▶ **Brief**:
Under this line sits a listing. Repeat exactly and only its lines from the one holding "Used 2020 Chevrolet" through the one holding "X3118 Kenosha - Civic"; skip pictures.

▶ **Supplied entries**:
* * * * *

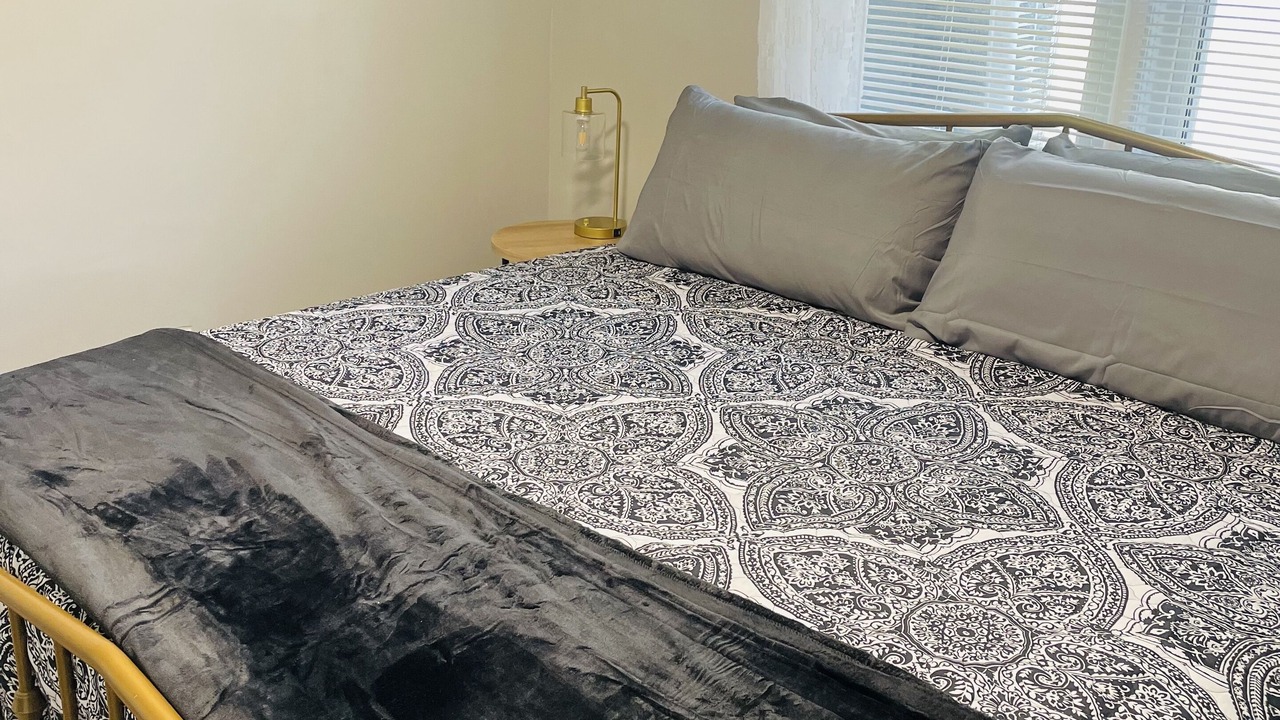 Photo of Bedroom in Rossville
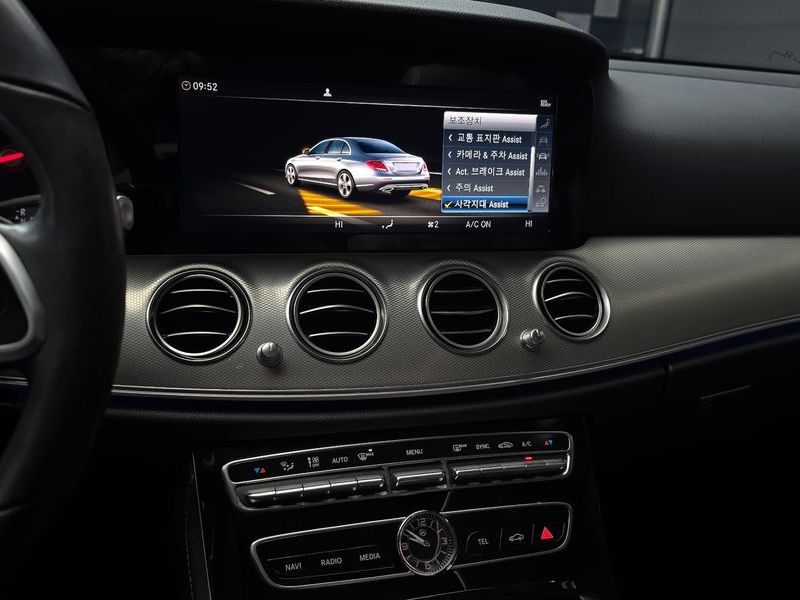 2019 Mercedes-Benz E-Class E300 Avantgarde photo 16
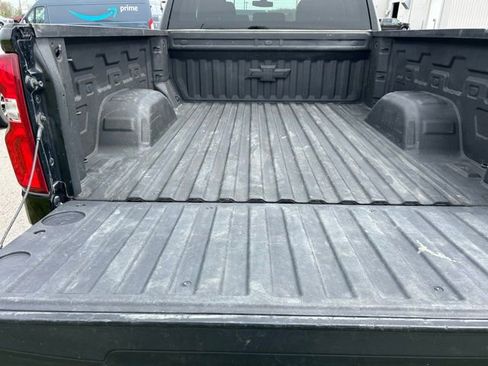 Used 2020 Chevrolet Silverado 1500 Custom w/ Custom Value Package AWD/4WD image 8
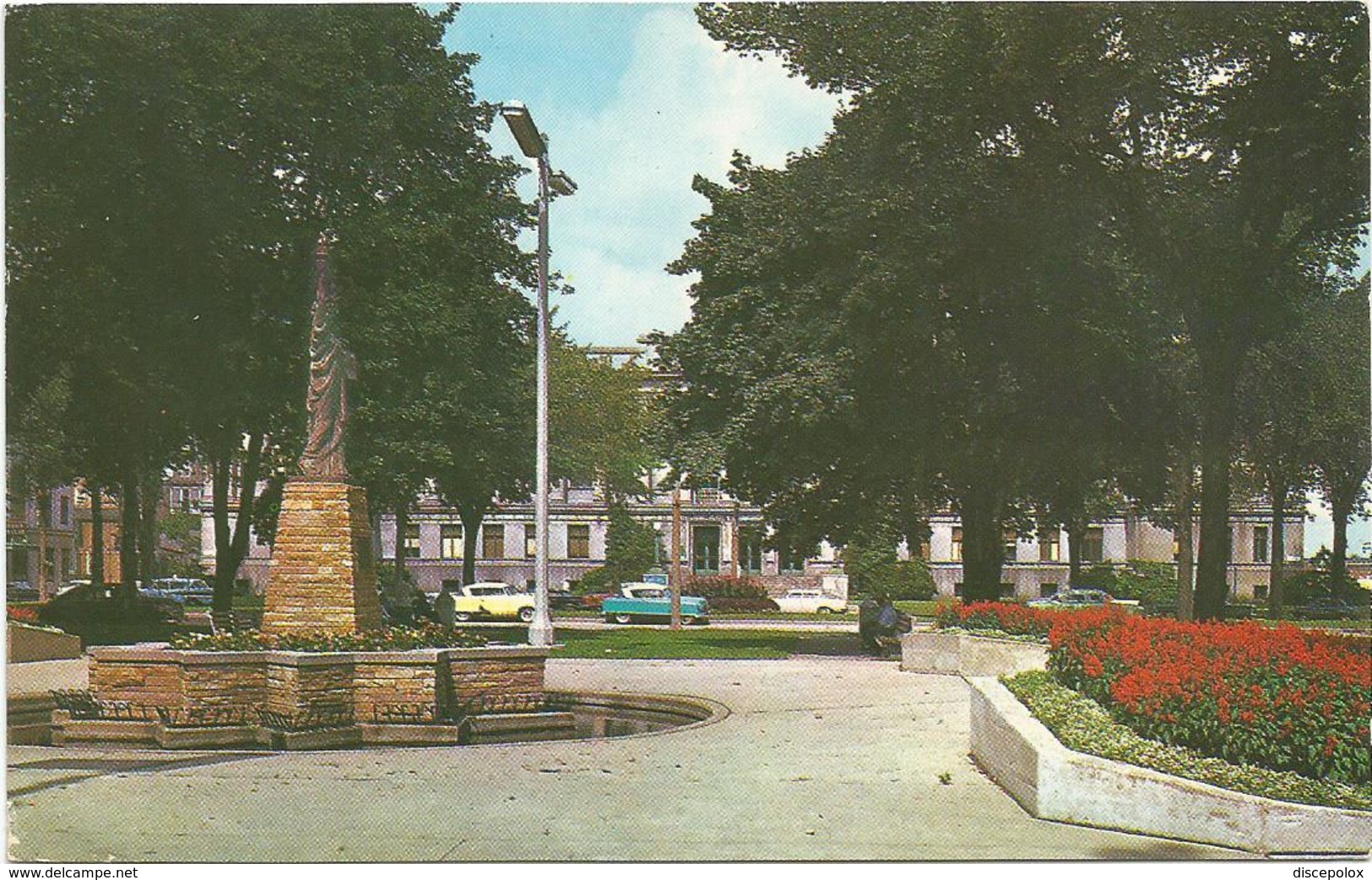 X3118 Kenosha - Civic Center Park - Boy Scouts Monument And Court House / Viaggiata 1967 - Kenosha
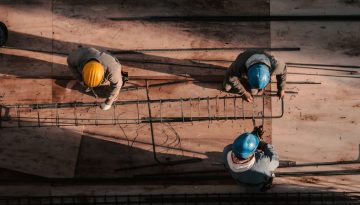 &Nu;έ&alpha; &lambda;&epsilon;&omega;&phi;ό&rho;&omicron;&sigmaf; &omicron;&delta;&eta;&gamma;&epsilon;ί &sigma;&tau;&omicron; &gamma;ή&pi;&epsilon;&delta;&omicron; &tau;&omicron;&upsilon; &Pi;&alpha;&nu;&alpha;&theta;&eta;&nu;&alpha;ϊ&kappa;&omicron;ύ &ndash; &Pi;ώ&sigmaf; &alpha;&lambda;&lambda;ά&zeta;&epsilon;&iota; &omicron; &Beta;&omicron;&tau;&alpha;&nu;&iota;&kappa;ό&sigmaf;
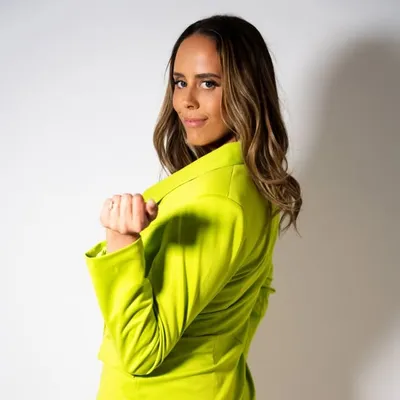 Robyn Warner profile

* * * * *

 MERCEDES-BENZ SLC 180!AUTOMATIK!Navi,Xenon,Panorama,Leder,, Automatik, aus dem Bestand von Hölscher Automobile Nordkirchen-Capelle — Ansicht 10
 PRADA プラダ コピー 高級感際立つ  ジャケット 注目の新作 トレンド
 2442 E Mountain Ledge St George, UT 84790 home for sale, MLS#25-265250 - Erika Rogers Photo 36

* * * * *

▶ **Response area**:
 Used 2020 Chevrolet Silverado 1500 Custom w/ Custom Value Package AWD/4WD image 8
 X3118 Kenosha - Civic Center Park - Boy Scouts Monument And Court House / Viaggiata 1967 - Kenosha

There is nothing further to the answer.